January 21, 2015 Krissie Mason

WONDER IN THE WOODS

Walk Woods

 

“When we take Nature away from people we take away their ability to be full human beings.”

 -Richard Louv

Today while I was looking for interesting content for client I happened across a book by National Best Selling Author and Audubon Medal Recipient, Richard Louv. It’s called, “The Nature Principle: Human Restoration and the End of the Nature Deficit Disorder“.

Richard’s book was published a couple years ago, so I feel a bit late to party, however, it simply resonated too deeply to risk letting it pass by without mention to  family, friends, acquaintances, or for that matter like-minded souls who I have not met, but who might read about the book here.

What is the Nature Principle exactly?  Great question.  Louv describes it as “…a principle that holds that a reconnection to the natural world is fundamental to human health, well-being, spirit, and survival”.

Further, “..It is primarily a statement of philosophy. The Nature Principle is supported by a growing body of theoretical, anecdotal, and empirical research that describes the restorative power of nature — its impact on our senses and intelligence; on our physical, psychological, and spiritual health; and on the bonds of family, friendship, and the multi species community.”

 

“Illuminated by ideas and stories from good people I have met, this book asks: What would our lives be like if our days and nights were as immersed in nature as they are in electronics? How can each of us help create that life-enhancing world, not only in a hypothetical future, but right now, for our families and for ourselves?”

 

Twig Sprig

 

It was my very good fortune to have been a child shepherded by parents, and then older siblings, who lived a good portion of the day outdoors. When I wasn’t weeding the gardening, baling hay, collecting chicken eggs, or cutting grass on the family hobby farm, I could be found climbing trees, laying in the grass under the big pines, discovering a den of baby garter snakes, fishing on a Minnesota lake, exploring in the woods, or paddling a canoe in the Boundary Waters.

Love of the outdoors, the itch to get out from behind four walls, intense curiosity, the sensation that the closer I am to a ledgestone outcropping on a wilderness lake the closer I am to the Divine, are results of having been given the privilege to experience the Wonder of Nature at such an early age, and thoughout my life.  The Nature Principle reminds me how vital it to my personal well-being, as well as the well-being of our collective humanity, to get out into the woods, or into a city park. Shut off the TV, the computer, the phone. Take 5 minutes to sit outside on your back stoop and look into the sky, or at the needles of a tree. Lift some snow and touch it to your tongue, squish mud, whittle a stick, stomp in a puddle. Go Wonder in the outdoors for 5 minutes, or 10, or 30.

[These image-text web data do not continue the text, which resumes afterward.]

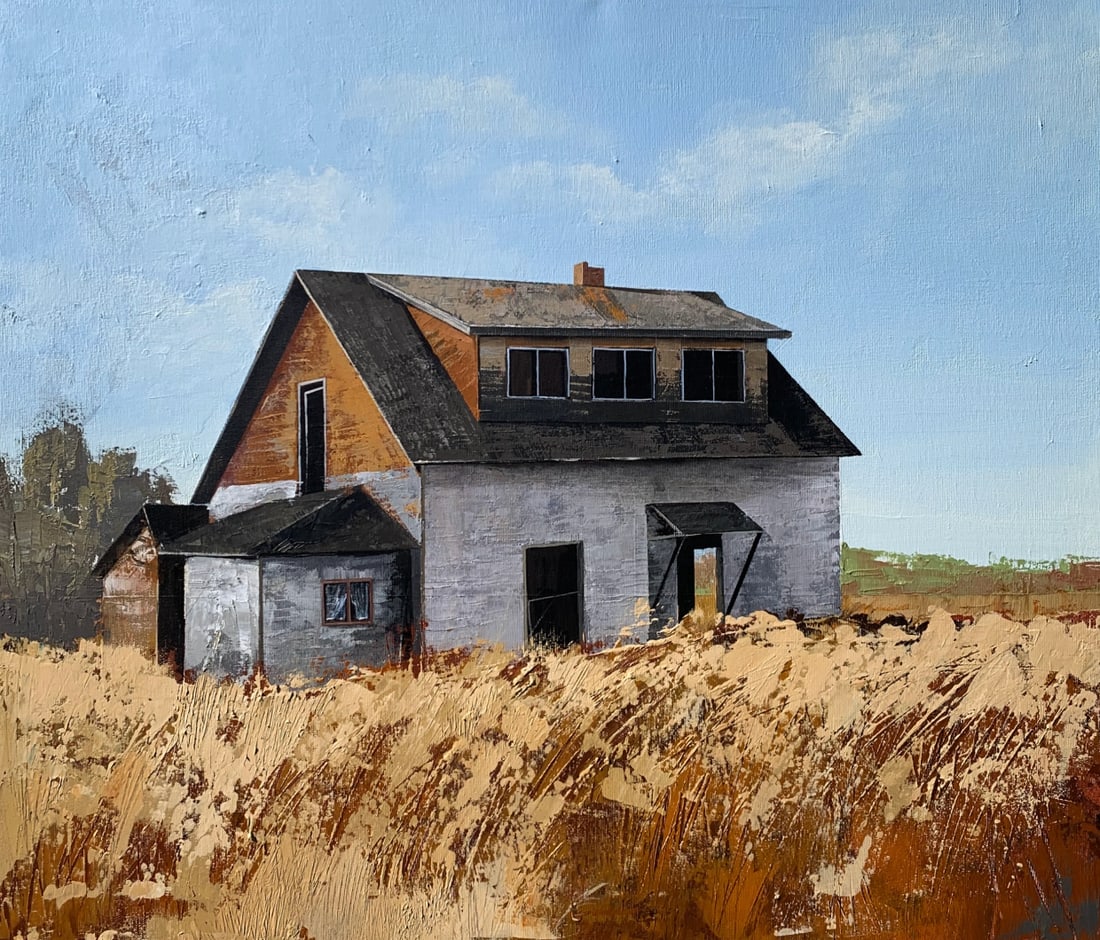 Oil painting Windy field Ukrainian painter (1 of 2)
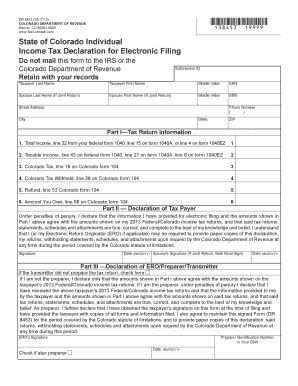 Colorado Individual Income Tax Declaration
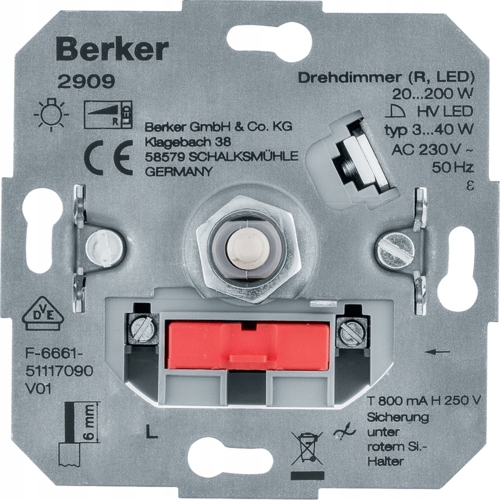 

Berker Ściemniacz obrotowy R 20-200W, Led 3-40W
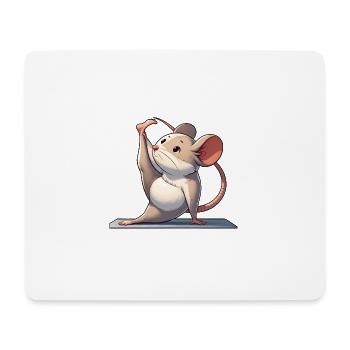 Mouse Meditation Yoga Rat Gymnastics Cartoon - Mouse Pad (horizontal) - white - Front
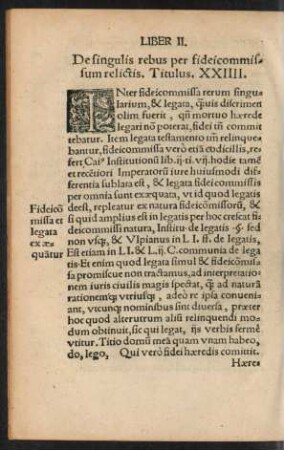 De singulis rebus per fideicommissum relictis. Titulus. XXIIII.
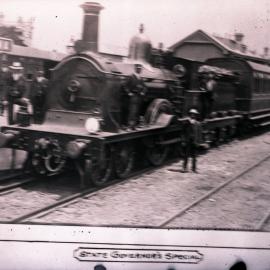 NSWGR D Class (ex-261 Class) no. 275, with the State Governor's special train, Kiama, NSW, 1893.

“The Nature Principle suggests that, in an age of rapid environmental, economic, and social transformation, the future will belong to the nature-smart — those individuals, families, businesses, and political leaders who develop a deeper understanding of nature, and who balance the virtual with the real.”

 

Walking

So if technology frustration is leaving you numb, and you’ve been feeling a little out of your natural orbit, if cabin fever is starting to set in, and you ache for a walk among the cedars, long to skip stones, or peel birch bark from fallen logs, I encourage you to pick up The Nature Principle and reconnect for awhile. Go for a Wonder in the Woods. Find balance. Find your ability to be you. As you do you’ll be reminded of what it means to be fully human.